Abstract

We further describe and analyze a real-time system for rendering antialiased hard shadows using irregular z-buffers (IZBs) that we first presented in Wyman et al. [1]. We focus on identifying bottlenecks, exploring these from an algorithmic complexity standpoint, and presenting techniques to improve performance. Our system remains interactive on a variety of game assets and CAD models while running at resolutions 1920 1080 and above and imposes no constraints on light, camera or geometry, allowing fully dynamic scenes without precomputation. We render sub-pixel accurate, 32 sample per pixel hard shadows at roughly twice the cost of a single sample per pixel. This allows us to smoothly animate even subpixel shadows from grass or wires without introducing spatial or temporal aliasing. Prior algorithms for irregular z-buffer shadows rely heavily on the GPU's compute pipeline.

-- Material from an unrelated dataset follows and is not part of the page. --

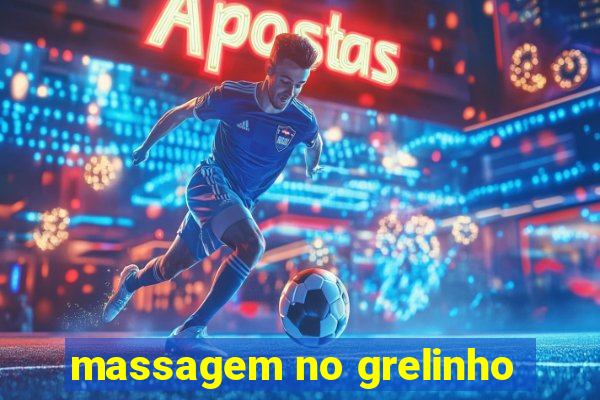 massagem no grelinho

Instead we leverage the standard rasterization-based graphics pipeline, including hardware conservative raster and early-z culling. Our key observation is noting a duality between irregular z-buffer performance and shadow map quality; irregular z-buffering is most costly exactly where shadow maps exhibit the worst aliasing. This allows us to use common shadow map algorithms, which typically improve aliasing, to instead reduce our cost. Compared to state of the art ray tracers, we spawn similar numbers of triangle intersections per pixel yet completely rebuild our data structure in under 1 ms per frame.